Terug naar: de Startpagina
Bladwijzers: Rechten van de
Mens ; China ;
HET SOCIALISME IS DOOD... LEVE HET
SOCIALISME..!
Volgens een aantal NAVO generaals en rechtse politici is het instorten van de
zogenaamde socialistische stelsels te danken aan de voortdurende psychologische
en politieke inspanningen van het Westen. Men is ervan overtuigd dat men een
overwinning heeft behaald op het gehate socialisme en communisme. Opvallend is
dat het merendeel van de socialisten, in Oost en in West, ook in die
overwinningstheorie blijken te geloven: zij haasten zich het socialisme
af te zweren en hun partijen te ontbinden. Dat is eigenlijk heel vreemd. We
hebben toch altijd gedacht dat socialisme een ideaal was dat algemene
geldigheid voor de mensen had? Kan dat ideaal dan zomaar verdwijnen als de, op
grond daarvan opgezette, maatschappelijke en economische stelsels niet blijken
te werken ?
Als je aan die of gene vraagt een
definitie te geven van het begrip socialisme, dan krijg je meestal een antwoord
dat op politieke en economische factoren betrekking heeft. Men komt dan met
zoiets als “politiek voor het volk”, “opheffen van de klassenstrijd” en
“geleide economie”, een enkele keer met een vage opmerking over
“gemeenschappelijk bezit van de productiemiddelen” en de noodzaak van een
allesbeheersende centralistische overheidsorganisatie. Daarbij beroept men zich
op een aantal denkbeelden die door Karl Marx in de vorige eeuw naar voren zijn
gebracht en die men als socialistisch is gaan beschouwen. Tot op de dag
van vandaag is het mij, ondanks hevige inspanning, niet gelukt om het
socialistische van het betoog van de heer Marx te ontdekken. Zijn bekende
voorspelling bijvoorbeeld, dat er een “dictatuur van het proletariaat” in het
verschiet zou liggen is niet alleen historisch een misser gebleken, maar blijkt
ook logisch onhoudbaar te zijn. Het proletariaat kan op zichzelf de macht niet
hebben: er kan hoogstens een élite ontstaan die namens het proletariaat
de macht heeft. Dan ben je minstens even ver van huis als voorheen, en als die
élite dan ook nog dictatoriale macht heeft is de boot al helemaal aan! Het is
echt niet zo verwonderlijk dat de zaken in alle “socialistische staten”
volledig in het honderd zijn gelopen, een verschijnsel dat ten onrechte aan
economisch wanbeleid wordt toegeschreven.
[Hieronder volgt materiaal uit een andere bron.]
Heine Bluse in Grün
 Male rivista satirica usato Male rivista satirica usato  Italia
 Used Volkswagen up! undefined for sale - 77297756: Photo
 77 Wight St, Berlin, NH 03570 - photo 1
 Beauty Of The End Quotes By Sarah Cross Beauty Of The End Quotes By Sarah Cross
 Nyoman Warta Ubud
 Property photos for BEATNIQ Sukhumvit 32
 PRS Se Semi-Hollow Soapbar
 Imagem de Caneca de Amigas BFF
De oorzaak ligt dieper en wel bij het
verdringen van de mens als individu. Volgens mij is het de enige verdienste van
Karl Marx dat hij het begrip “kapitalisme” zozeer tot gemeengoed gemaakt heeft
dat vrijwel iedereen er naar hartelust mee goochelt
en alleen al het uitspreken van het toverwoord “kapitalisme” als voldoende
argument beschouwt om een bepaalde maatschappijvorm zonder pardon te
diskwalificeren, uiteraard zonder te weten wat dat begrip inhoudt. Het gaat
daarmee net als met het woord “niet-wetenschappelijk” dat als een toverformule
fungeert om de denkbeelden van anderen in het niets te laten verdwijnen. Ik heb
tijdens discussies, als iemand met de kreet kapitalisme kwam, steeds
geïnformeerd wat je daaronder zou moeten verstaan, maar werkelijk niemand heeft
mij ooit een bevredigend antwoord kunnen geven. Onveranderlijk kwam men met een
antwoord dat op elke individu van toepassing bleek te zijn. En dus: met
het begrip kapitalisme valt niet te werken, althans niet voorzover
men meent dat het uitdrukking geeft aan een onderscheid tussen verschillende
maatschappijvormen. Je kunt eigenlijk ook van het gangbare begrip socialisme
zeggen dat je er niets aan hebt. Ik geef toe dat het wel enige betekenis heeft,
maar die beperkt zich meer tot een zekere inkleuring van een aantal
toekomstontwerpen dan dat je van het tot zijn recht komen van de werkelijke
inhoud zou kunnen spreken.
Een socialistische blauwdruk van de toekomst
ziet er wat anders, en wellicht wat aantrekkelijker uit dan bijvoorbeeld een
christelijke, maar in beide gevallen is er nauwelijks enige verwantschap met de
werkelijke inhoud van het begrip socialisme. Een blauwdruk ontstaat door over
de zaken van deze wereld na te denken, als het even kan met gebruikmaking van
informatie die als wetenschappelijk gekwalificeerd is. Dat nadenken kan
natuurlijk heel intelligent zijn en tot een helder model van de toekomst
leiden, maar onvermijdelijk zal zo'n model bevangen zijn in de voorstellingen,
opvattingen en wetenschappelijke kennis van de tijd waarin het uitgedacht
wordt. Met andere woorden: de zaak is bij voorbaat al gedateerd, wat
betreft de socialistische blauwdruk in niet geringe mate door de
maatschappelijke situatie in het begin van deze eeuw, met zijn zich ongeremd
verrijkende enkelingen en een vrijwel geheel verpauperde bevolking, alsmede
door de schier ongeremde organisatiedrift die in het socialistische
gedachtegoed tot uiting komt. Een blauwdruk, een voorstelling van een
toekomstige maatschappij, berust op een zelfbewust denkproces dat, hoe helder
het ook is, onvermijdelijk alle mankementen van het op stroom liggende denken
vertoont. Dat echter is niet het geval met datgene dat ik een cultuurbesef noem.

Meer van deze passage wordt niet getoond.